XI – PROVISION OF SERVICES
1 – Performance
The Customer agrees to provide free access to his premises and to make available the equipment or material necessary for DV GROUP to provide its service in a proper manner (including an electrical supply complying with existing standards, enclosed and covered premises, etc.),
DV GROUP will only start the installation after ensuring that the electrical networks and operator networks comply with the standards in force and the environmental conditions required by the manufacturer(s).
Otherwise, the Customer will be responsible for ensuring compliance and the works will only begin once this compliance is in place.
2 – Training
DV GROUP agrees to provide the Customer’s staff with training on the product or installation:
This is a brief training course aimed at people for whom the product or equipment is a regular working tool.
XII – PRICE
The prices of goods and services are those in force on the date the order is placed. They are given in euros and do not include taxes.
Consequently, they will be increased by VAT, transport costs, and any specific related costs (customs duty, local tax in the case of exports, special packaging, etc.) applicable on the date the order is placed.
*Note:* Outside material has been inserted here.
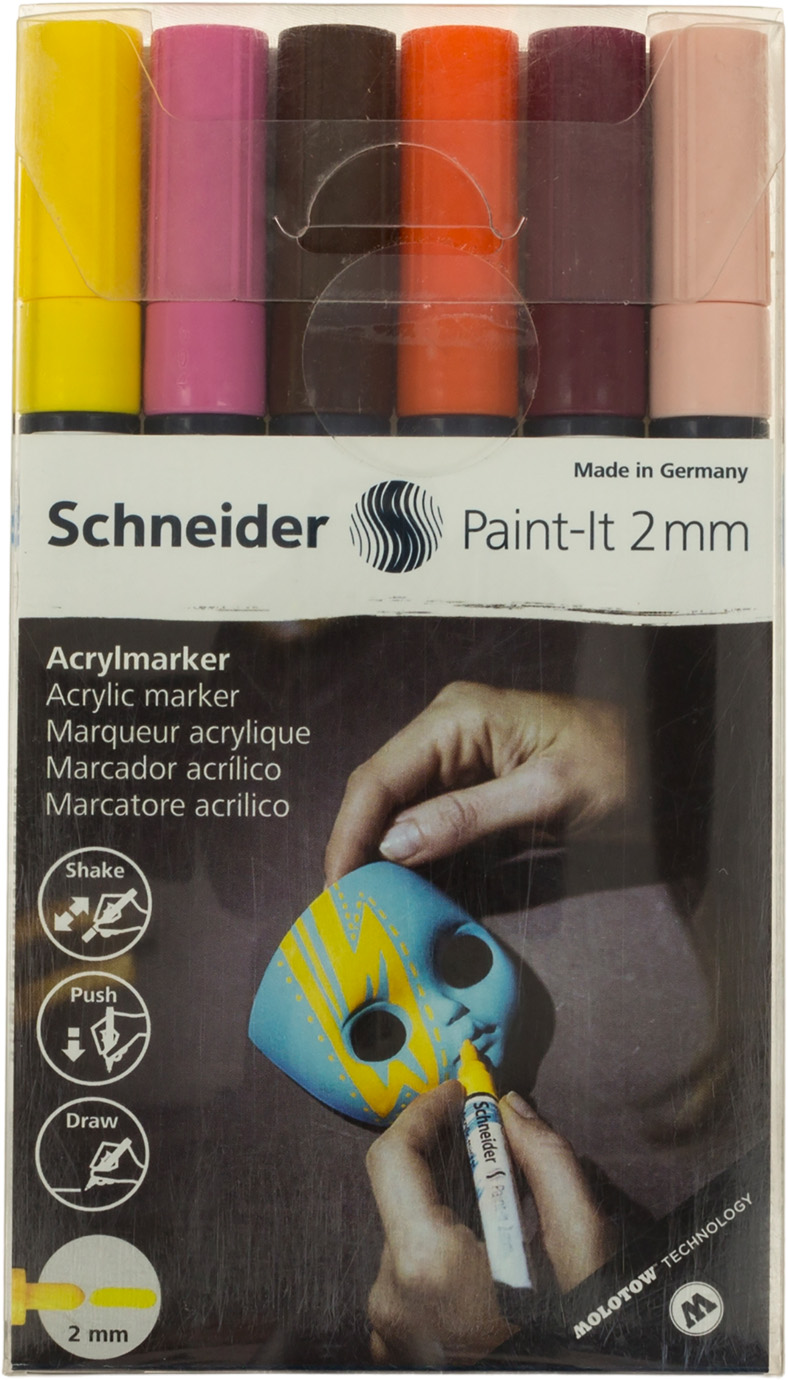 Набір маркерів акрилових Paint-it 310 2мм Wallet Set3 6 кольорів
DV GROUP reserves the right to modify its prices at any time, but undertakes nonetheless to invoice the goods ordered at the price in place at the time of the order being recorded.
XIII – PAYMENT AND DELAY
Unless otherwise agreed, invoices are payable in cash by the purchaser. From the day after the late payment date mentioned in the invoice, any delay in payment shall automatically result, without the need for formal notice, in payment penalties calculated at the interest rate applied by the European Central Bank to its most recent refinancing operation plus 10 percentage points, as well as a lump-sum recovery fee of €40.
XIV – ADDITIONAL SERVICES
Services are strictly limited to those described in the agreement. However, if the Customer requests any other supplies or services, these shall be subject to mutual agreement and confirmed by the signing of an amendment or an appendix to the agreement.
XV – OWNERSHIP
Under the terms of law 80-335 of 12 May 1980, DV GROUP reserves the right of ownership of goods until such time as payment in full is received.
In this respect, if the Customer is subject to legal redress or liquidation, DV GROUP reserves the right to claim the goods sold for which payment remains outstanding, either in whole or in part, as part of any insolvency proceedings.
XVI – LIABILITY
DV GROUP has an obligation of means with regard to its Customer, but may not be held liable for failure to do so. It agrees to perform the obligations arising from the contract in good faith.
In addition, DV GROUP will not be held liable in the event of the reinstallation of equipment that could cause loss of information or power.
XVII – GOVERNING LAW – JURISDICTION
These general terms and conditions of sale are governed by French law.
For any difference or dispute concerning the validity, interpretation or performance of the contract (present in these general terms and conditions of sale), both parties shall endeavour to reach an amicable agreement. Failing this, the dispute shall be settled by the Commercial Court of Arras.